Knee is bothering me a bit though. I’m trying to pretend it isn’t happening. I know I should probably stop running until the inflammation goes down and/or I lose some more weight. But I love it. I can see how people get addicted to it. LOL. Hark at me. Yesterday I ran for a total of 3 minutes in a 20 minute workout! Does that make me a runner now? I was having twinges before my workout and I knew I should have chosen another piece of exercise equipment. But the thought of doing RPE 9 intervals on the elliptical or bike just filled me with dread, whereas the prospect of six 30 second sprints seemed really fun!
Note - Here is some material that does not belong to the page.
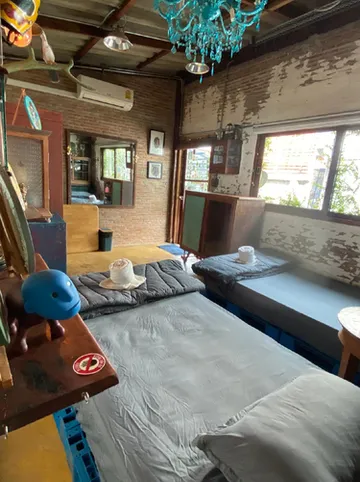 รูปภาพของAhouse1985Pakchong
It’s funny – I used to do weights because I enjoyed the process and cardio, which I loathed, because I had to to burn extra calories. Amazingly, and I would never have believed it possible, it is now the other way round. I do cardio because I really enjoy it, and put up with the weights because I need to improve my body composition and that is what is going to get me to the shape I want to be. But my heart sinks a little on resistance days. Just keep repeating my mantra: thinner, fitter and healthier; thinner, fitter and healthier. ‘night all.